* _EXERCISE BRIEF_: Task for the records below: please retype exactly and only the lines from the first through the one with "tw-11134207-81ztg-mh7dzxz8kqof65", with every picture omitted.

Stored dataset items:
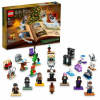 LEGO Harry Potter 76404 Adventný kalendár LEGO Harry Potter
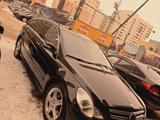 Mercedes-Benz R 500 2008 годаfor9 500 000 тг. в Астана – фото 4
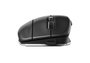3Dconnexion CadMouse Compact Wireless USB-C Negro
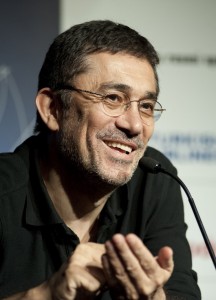 nuri bilge ceylan - 2011
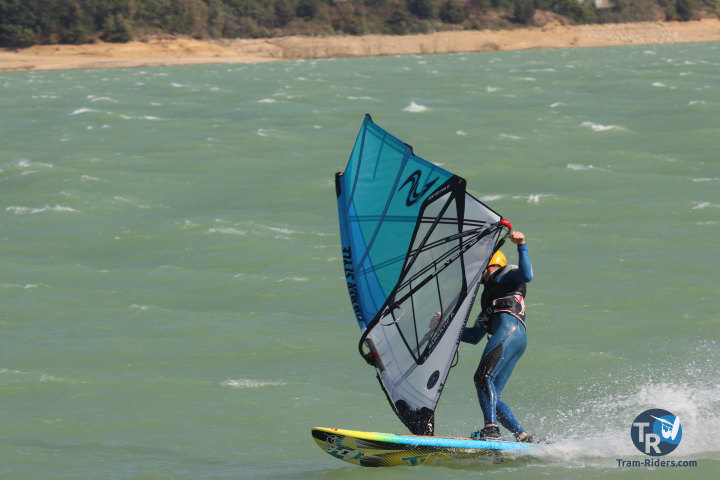 20191013 Ganguise001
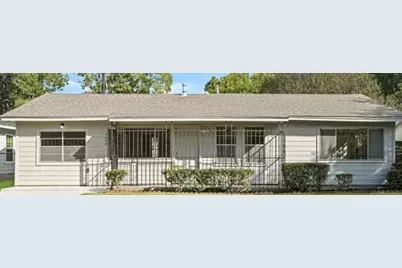 3629 Corksie Street, Houston, TX 77051 - Photo 1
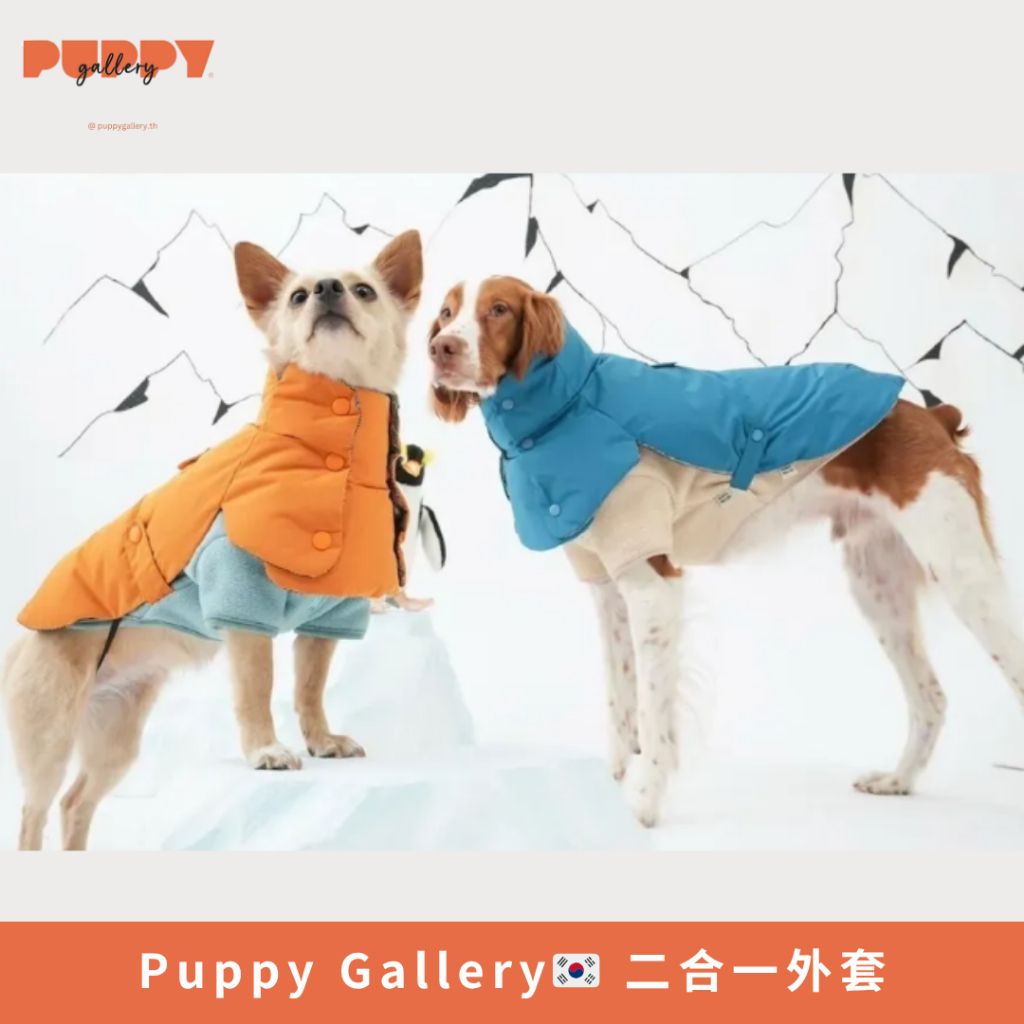 tw-11134207-81ztg-mh7dzxz8kqof65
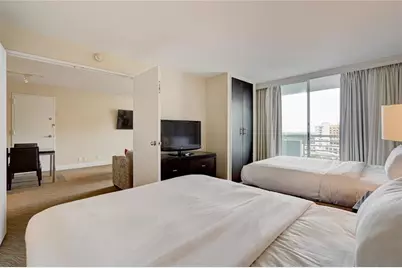 2670 E Sunrise Boulevard #1119, Fort Lauderdale, FL 33304 - Photo 19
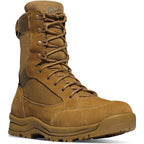 Men's Tanicus 8" Coyote Danner Dry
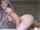 masturbation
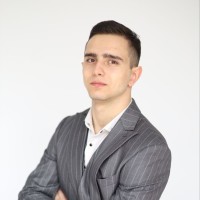 Babayan David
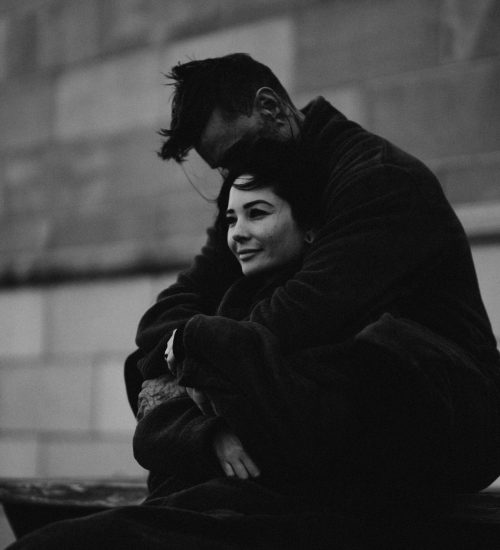 Copy of DAVID LAPAGE PHOTOGRAPHY © - (37)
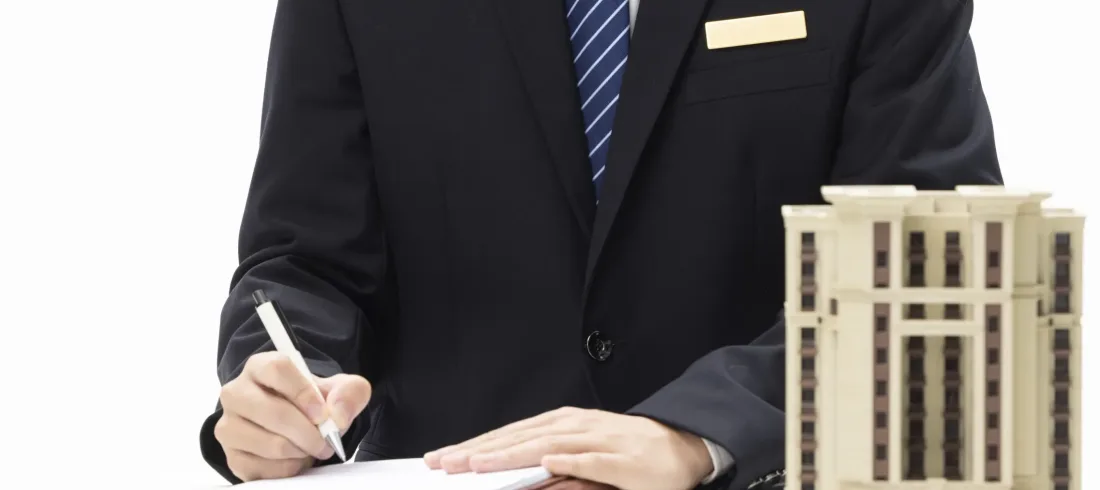 Kat (Arsa Payı) Karşılığı İnşaat Sözleşmesi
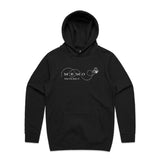Organic Black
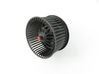 Heater fan/blower 1736007103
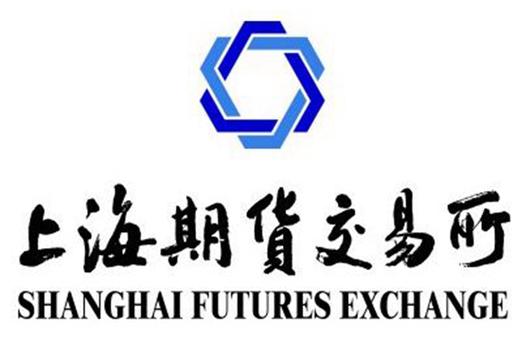期货交易所游戏截图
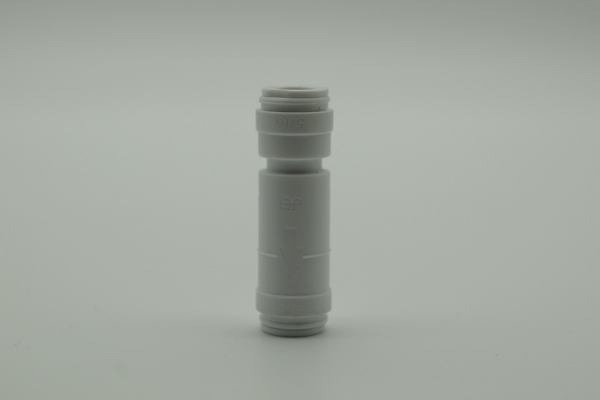 John Guest Rückschlagventil 8mm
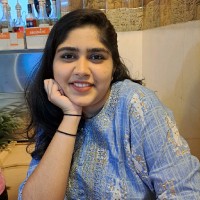 Nikita Sobhani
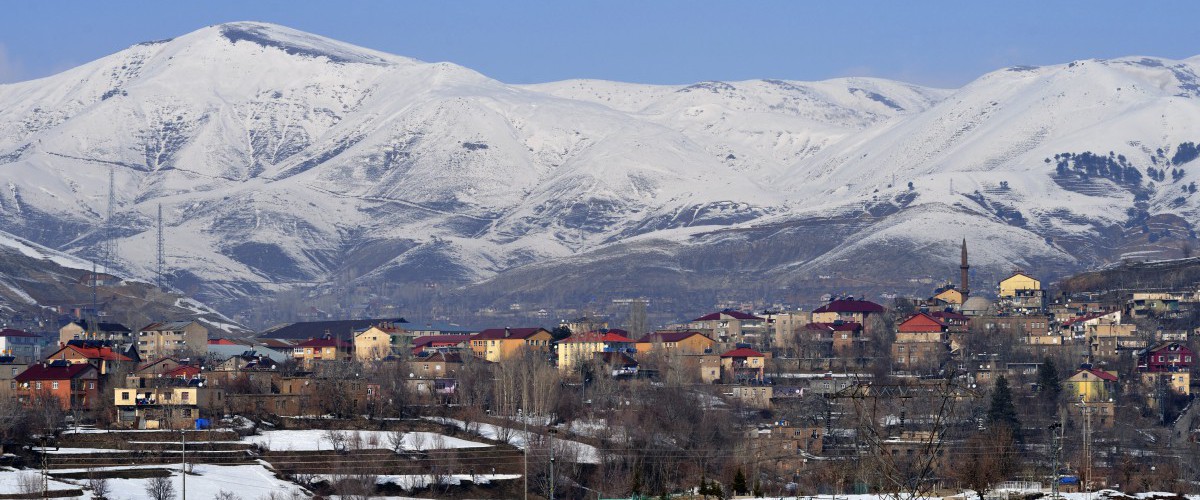 Bitlis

* _RESPONSE TO THIS EXERCISE_:
 LEGO Harry Potter 76404 Adventný kalendár LEGO Harry Potter
 Mercedes-Benz R 500 2008 годаfor9 500 000 тг. в Астана – фото 4
3Dconnexion CadMouse Compact Wireless USB-C Negro
 nuri bilge ceylan - 2011
 20191013 Ganguise001
 3629 Corksie Street, Houston, TX 77051 - Photo 1
 tw-11134207-81ztg-mh7dzxz8kqof65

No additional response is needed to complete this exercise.